The lab has two main goals: (i) to practice writing a design for some software before writing any code; (ii) to experience iteration of the design -- that is, changes to the design that result when one attempts to implement the original design. The sequence of steps for the lab is as follows:
  1. Read this entire list of instructions: That's what you're doing now.
  2. Read the background information: This is provided in the section below called "Description of the problem to be solved."
  3. Study the code framework provided: There is no need to absorb every detail; just make sure you are aware of which parts of the problem have already been solved for you.
  4. Write Design Document 1: Write a design document (we'll call it "Design Document 1") explaining how you plan to solve the problem.
  5. Implement Design Document 1
  6. Write Design Document 2: The main purpose of this document is to explain a new design for your solution to the problem, incorporating both changes you have implemented in the code you submitted, and further changes you would recommend if efficiency were a significant consideration. Divide your document into two sections, one for the changes you implemented and another for the ones you recommend in future.
  7. Optional: (No extra credit -- for fun only -- but if anyone attempts it, we will discuss the results in class.) Implement some or all of your recommendations for improving efficiency. Can you turn this into a genuinely effective piece of software that could be used for detecting plagiarism in a very large corpus of documents?

Description of the problem to be solved

The objective is to detect plagiarism in a corpus of text documents. In this lab, we adopt a very restrictive definition of plagiarism, based on the concept of n-grams. An n-gram is a sequence of n consecutive words in a document. For example, if a document consists of the text "the quick brown fox jumps over the lazy dog" then the set of all 3-grams in the document is: "the quick brown", "quick brown fox", "brown fox jumps", ..., "over the lazy", "the lazy dog". Two documents will be defined as suspiciously similar if they have too many n-grams in common.

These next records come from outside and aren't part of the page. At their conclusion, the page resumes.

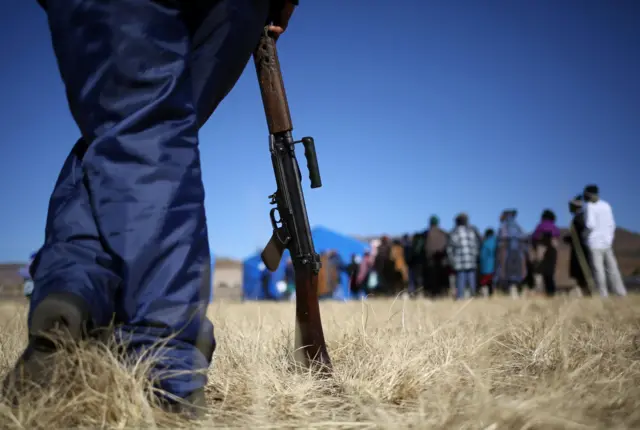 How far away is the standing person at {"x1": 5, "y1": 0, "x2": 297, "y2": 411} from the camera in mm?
A: 1003

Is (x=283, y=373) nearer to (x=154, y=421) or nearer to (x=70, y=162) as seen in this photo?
(x=154, y=421)

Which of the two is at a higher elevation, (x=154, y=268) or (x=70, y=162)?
(x=70, y=162)

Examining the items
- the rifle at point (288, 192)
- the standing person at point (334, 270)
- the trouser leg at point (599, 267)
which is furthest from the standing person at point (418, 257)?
the rifle at point (288, 192)

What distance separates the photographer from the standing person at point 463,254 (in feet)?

Specifically, the inputs to the algorithm will be:

Your program should have a main method in the class PlagiarismFinder, which accepts the above three inputs as command line parameters in the given order. For example, if the documents are in a folder called /somewhere/here/sm_doc_set, the following command line runs the program with n=6 and T=100:
java PlagiarismFinder /somewhere/here/sm_doc_set 6 100

The output of the algorithm will be a list of all pairs of suspiciously similar documents. For each pair, the number of n-grams that appeared in both documents should also be displayed. Thus, a typical output will be:

530 abf0704.txt abf70402.txt
675 abf0704.txt edo26.txt
179 abf70402.txt edo26.txt
423 bef1121.txt edo14.txt
285 catchmeifyoucan.txt ecu201.txt
311 catchmeifyoucan.txt hal10.txt
384 catchmeifyoucan.txt tyc12.txt
1622 jrf1109.txt sra31.txt
In fact, the above output is precisely what should be produced when the above command line (with n=6 and T=100) is run on the small document set provided below. Your program may produce the lines of output in a different order, but the output must otherwise be identical.

A code framework is provided to help you get started. The assignment can be completed successfully by adding code only to the PlagiarismFinder class, and only in the places indicated by the comment "// ADD CODE HERE". However, you are welcome to edit the NGramGenerator class and the PlagiarismFinder class as much as you wish, and you can also create new classes if desired.

Note that there are many details of exactly how to compute n-grams that have been left unspecified in the above description (e.g. how to treat capitalization, whitespace, and non-alphabetic characters). These details are not discussed further here, because the provided NGramGenerator class computes the n-grams for you -- please read the code if you're interested in the details, but if you edit this part of the code, its functionality should remain the same.

Three different data sets are provided: small, medium, and large. As noted above, your solution should work on the small and medium data sets within less than 10 seconds (for typical values of the parameters, say n=6 and T=100), but it need not work on the large data set. Each data set contains a file, called catchmeifyoucan.txt, which is definitely plagiarized -- but there may be other examples of plagiarism in each data set.

Grading

Design Document 1 40%
Design Document 2 40%
Code 20%

The design documents will be graded on clarity, appropriate level of detail, and quality of writing. The code will be graded on correctness only, by running some reference tests.

Acknowledgment: This lab is based very closely on Baker Franke's Catching Plagiarists lab, which is made available as part of the the Stanford Nifty Assignments repository.